▶ DATASET ENTRIES:

•••

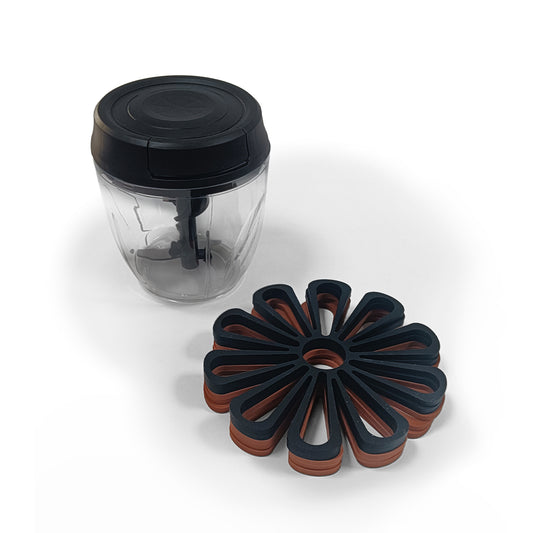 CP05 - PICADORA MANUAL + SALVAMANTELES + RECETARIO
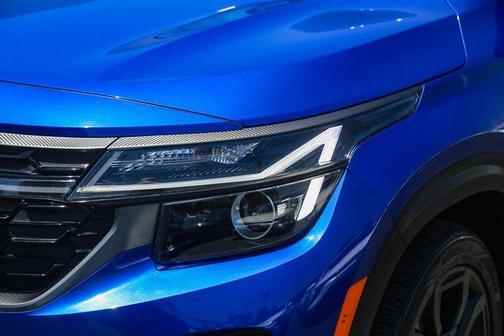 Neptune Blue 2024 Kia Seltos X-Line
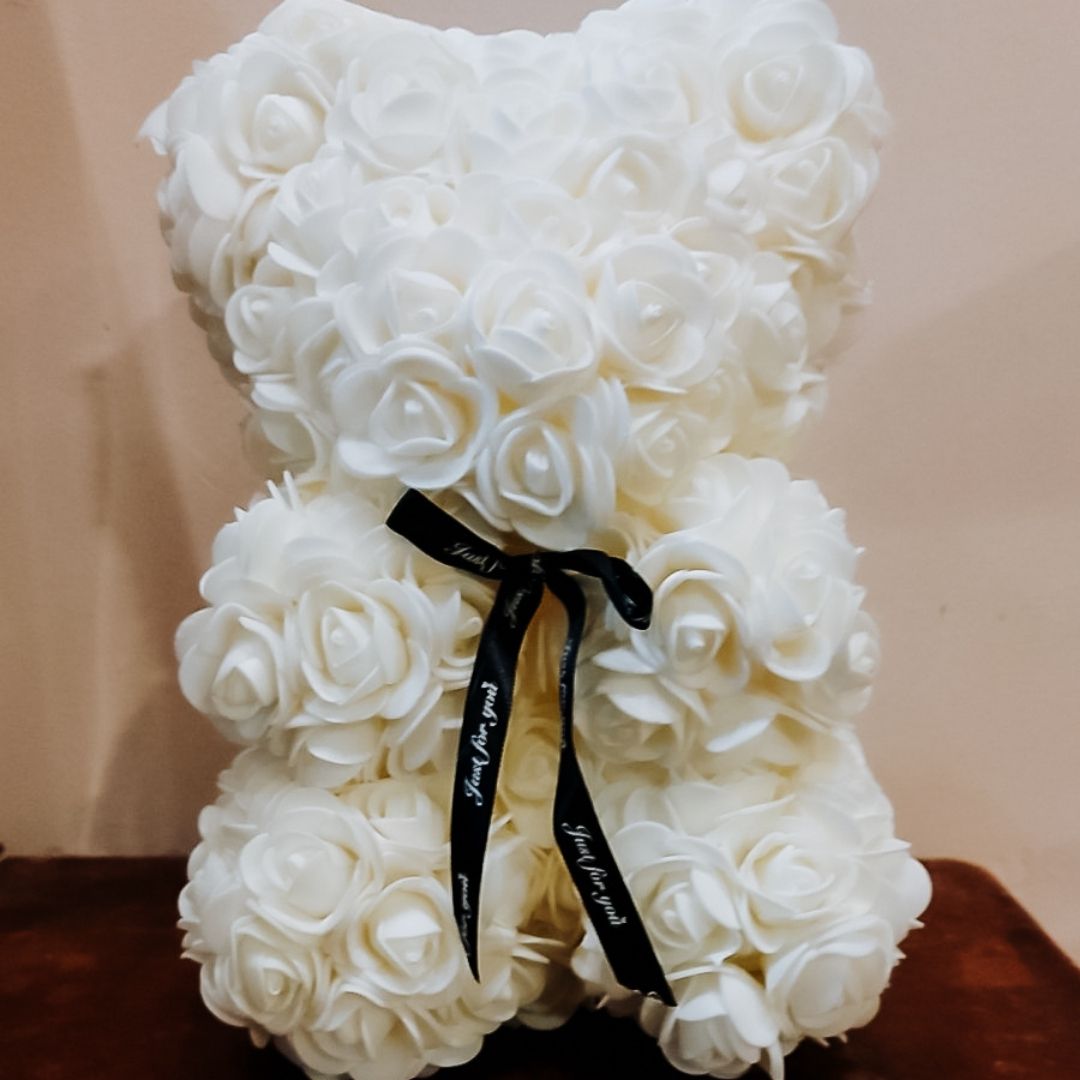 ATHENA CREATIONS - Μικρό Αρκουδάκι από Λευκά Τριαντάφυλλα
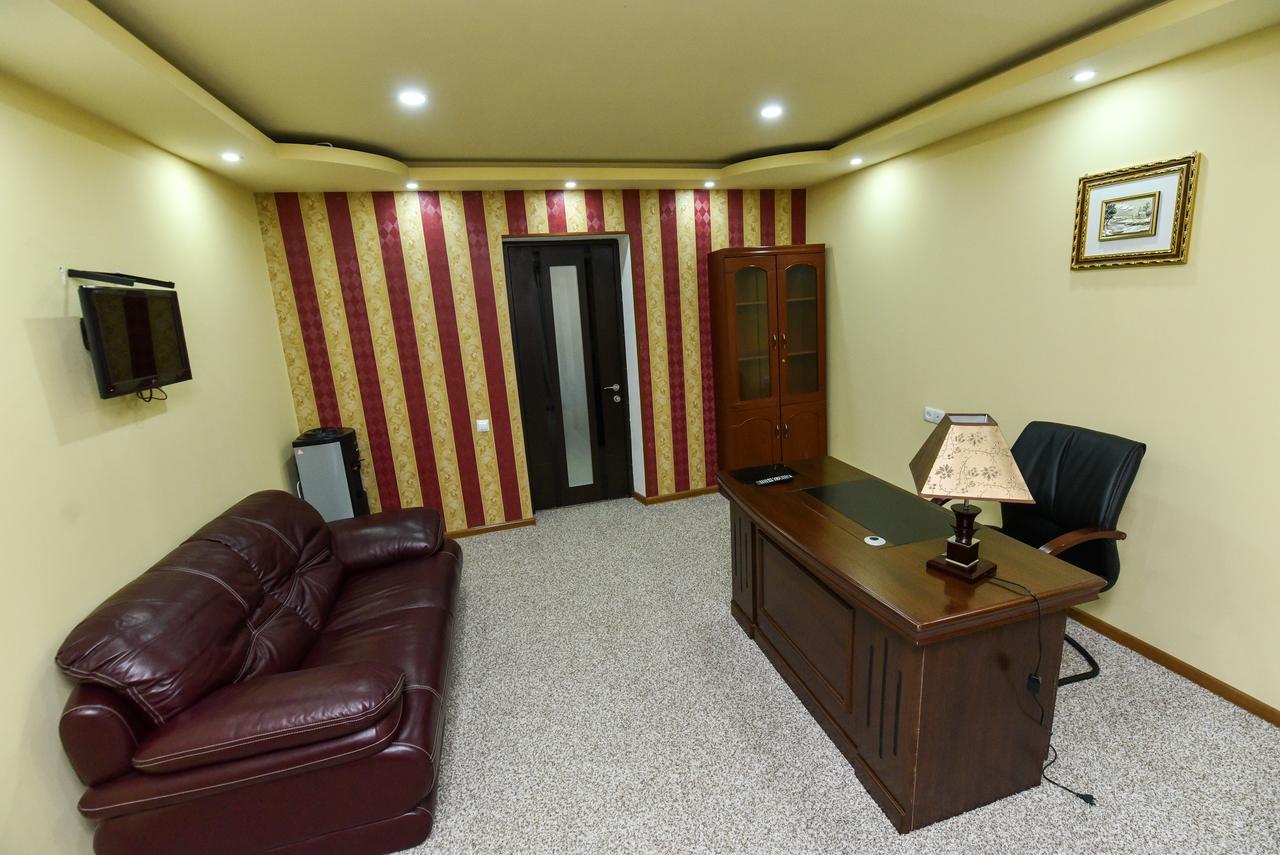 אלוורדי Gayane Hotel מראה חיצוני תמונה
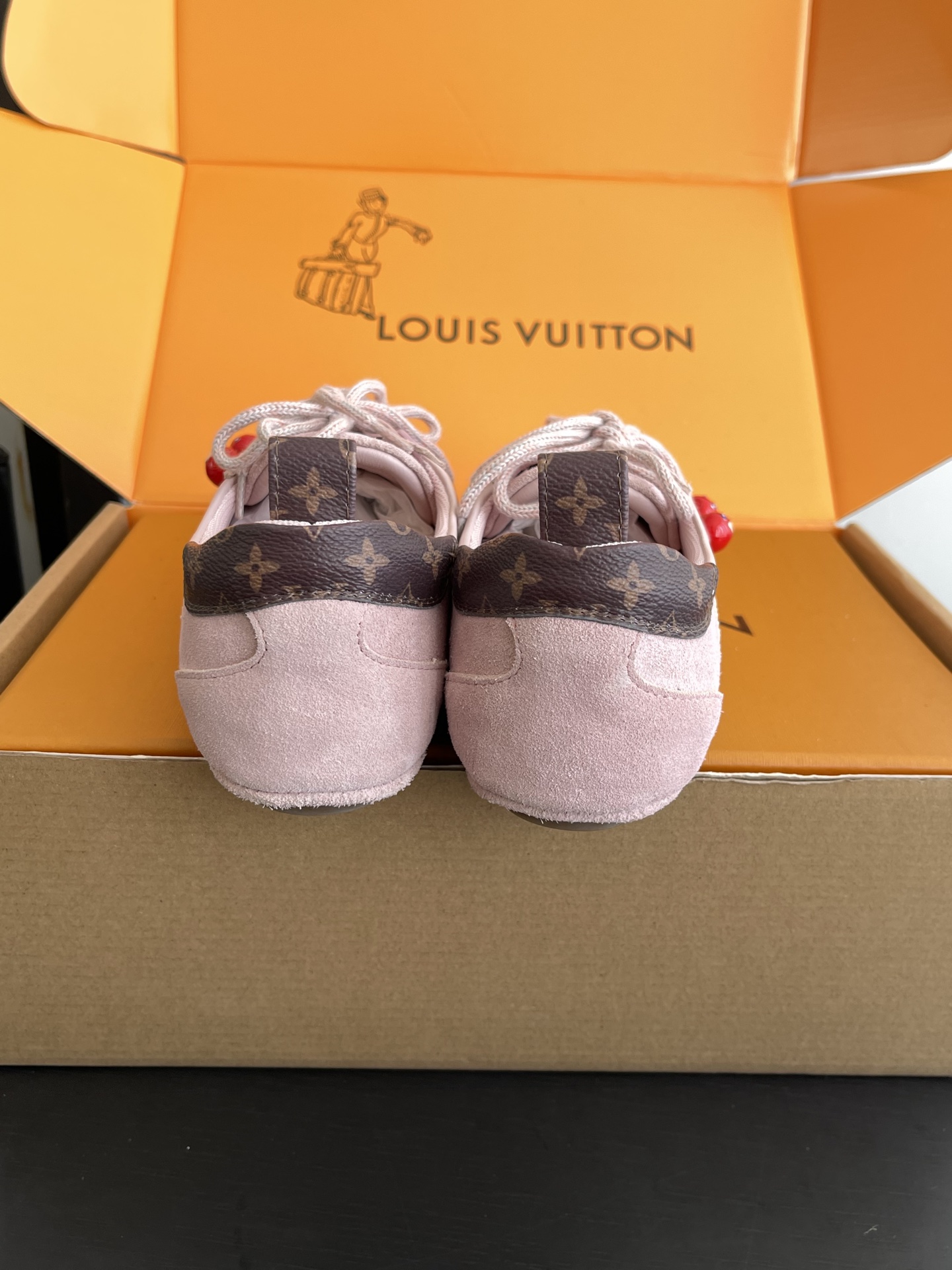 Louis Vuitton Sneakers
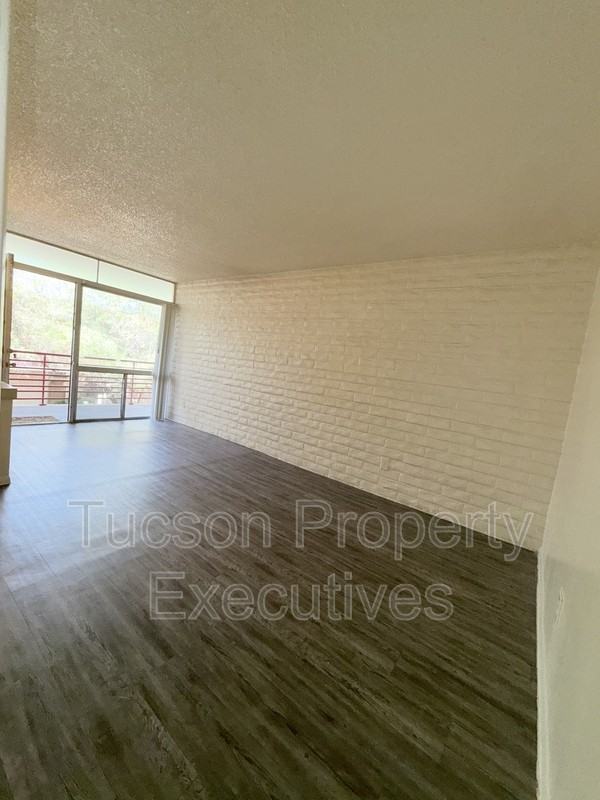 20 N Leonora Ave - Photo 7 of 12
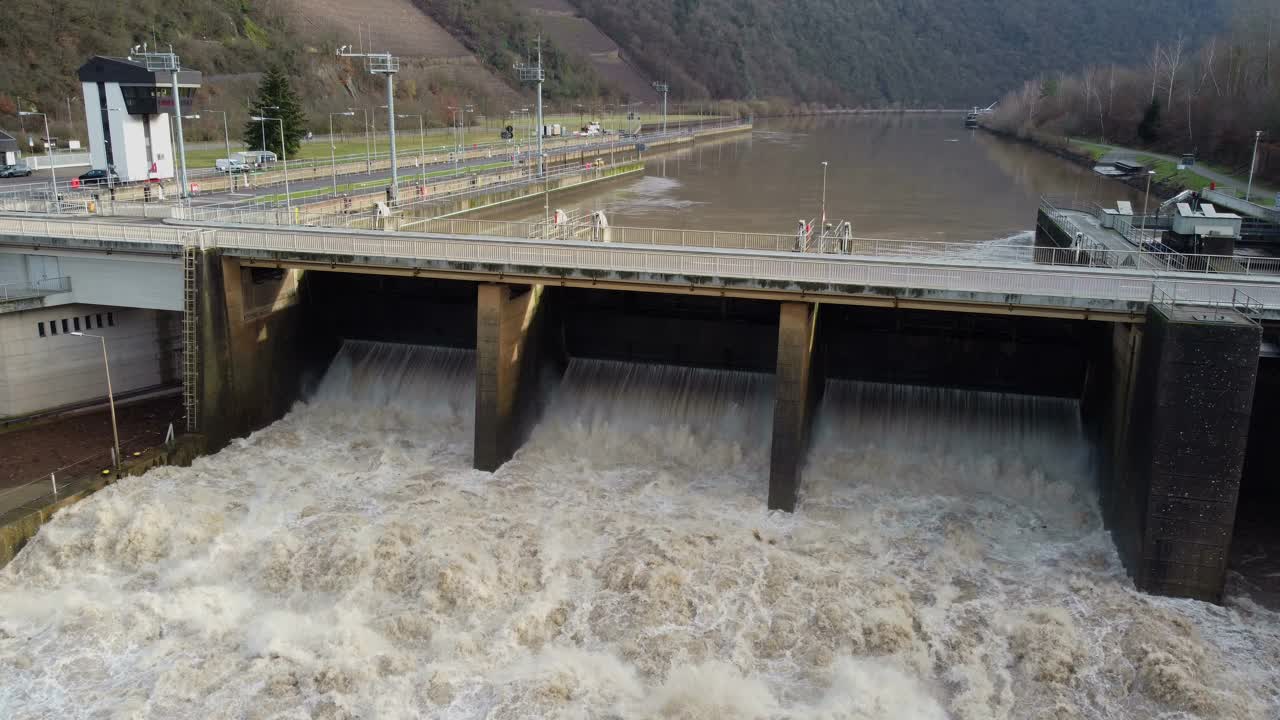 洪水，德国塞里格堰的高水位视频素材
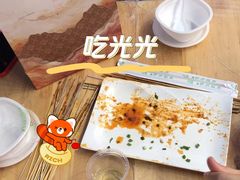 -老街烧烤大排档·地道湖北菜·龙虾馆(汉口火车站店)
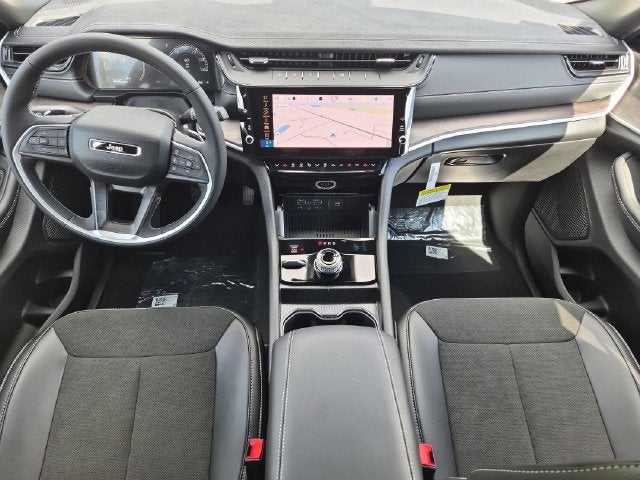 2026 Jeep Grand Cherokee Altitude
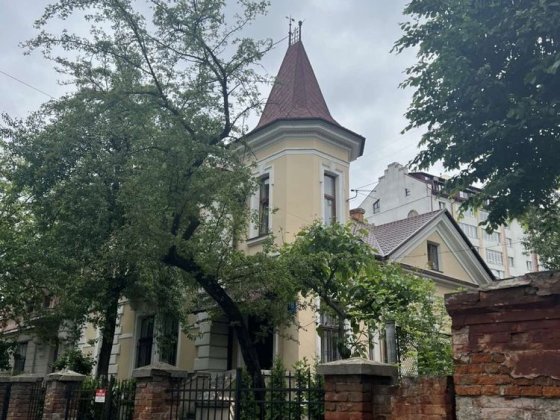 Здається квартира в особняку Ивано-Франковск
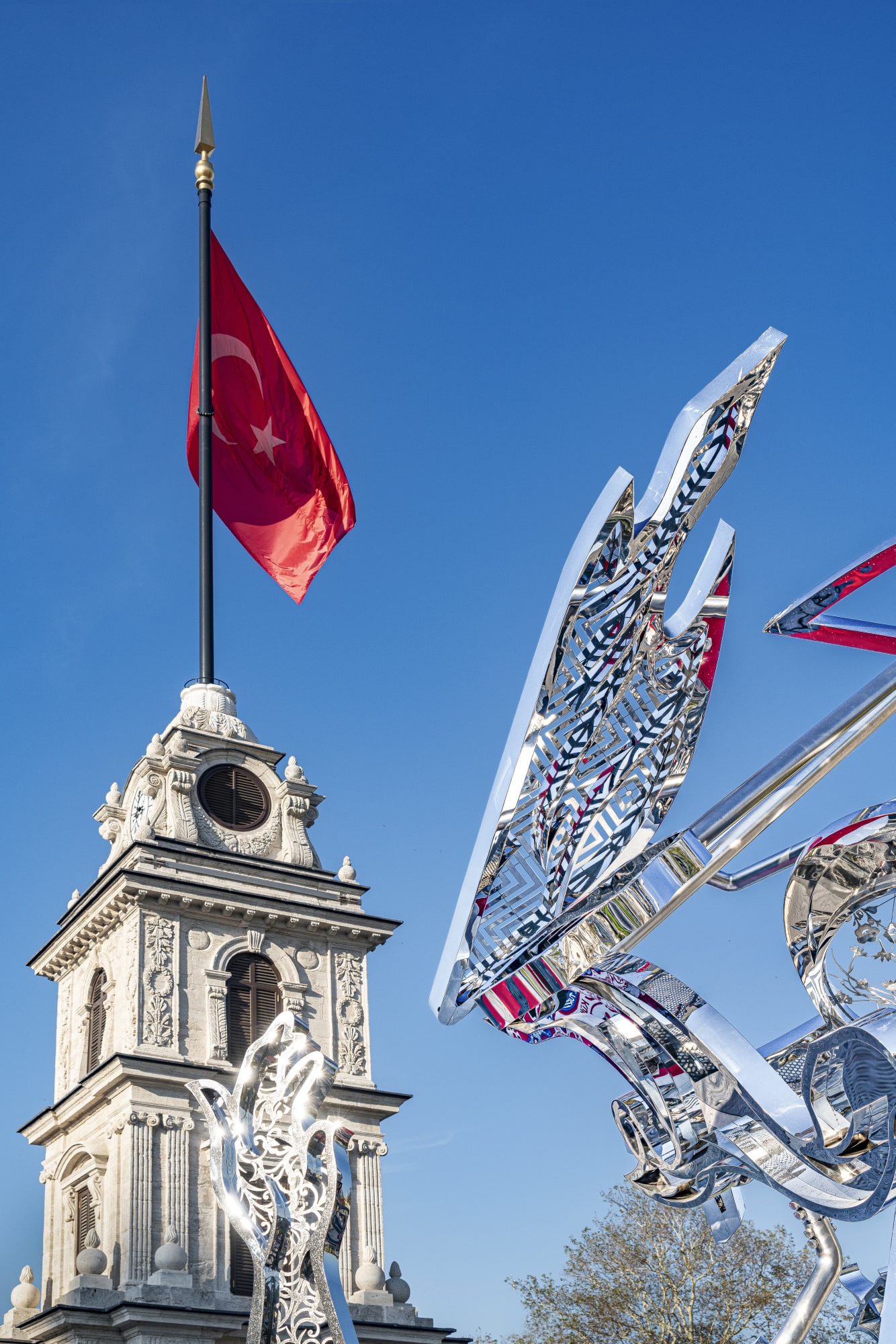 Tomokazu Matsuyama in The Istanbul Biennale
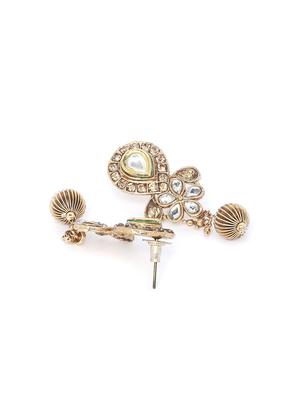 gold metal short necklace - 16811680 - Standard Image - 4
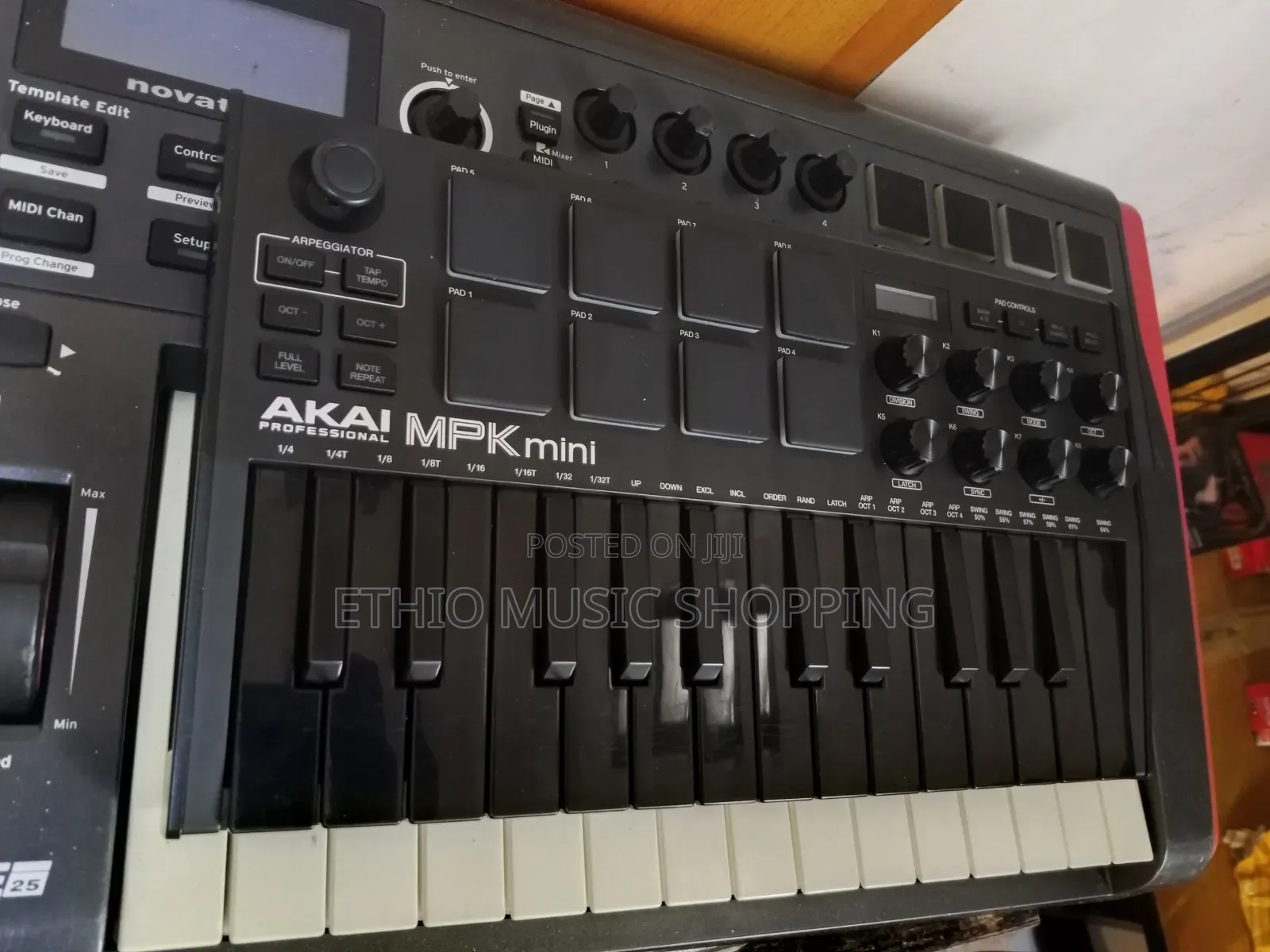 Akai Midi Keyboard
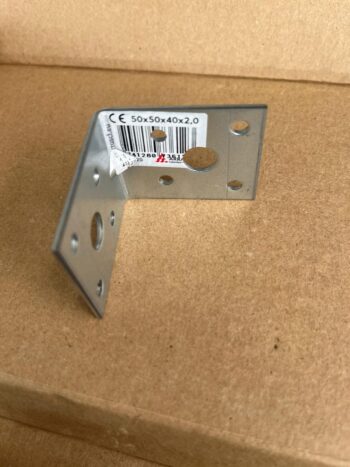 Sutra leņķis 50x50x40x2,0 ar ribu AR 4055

•••

▶ WHAT TO DO: What you return must be the entries above, exactly as they appear, without any pictures.

▶ RESULT FOR THIS EXERCISE:
 CP05 - PICADORA MANUAL + SALVAMANTELES + RECETARIO
 Neptune Blue 2024 Kia Seltos X-Line
 ATHENA CREATIONS - Μικρό Αρκουδάκι από Λευκά Τριαντάφυλλα
 אלוורדי Gayane Hotel מראה חיצוני תמונה
 Louis Vuitton Sneakers
 20 N Leonora Ave - Photo 7 of 12
 洪水，德国塞里格堰的高水位视频素材
 -老街烧烤大排档·地道湖北菜·龙虾馆(汉口火车站店)
 2026 Jeep Grand Cherokee Altitude
 Здається квартира в особняку Ивано-Франковск
 Tomokazu Matsuyama in The Istanbul Biennale
 gold metal short necklace - 16811680 - Standard Image - 4
 Akai Midi Keyboard
 Sutra leņķis 50x50x40x2,0 ar ribu AR 4055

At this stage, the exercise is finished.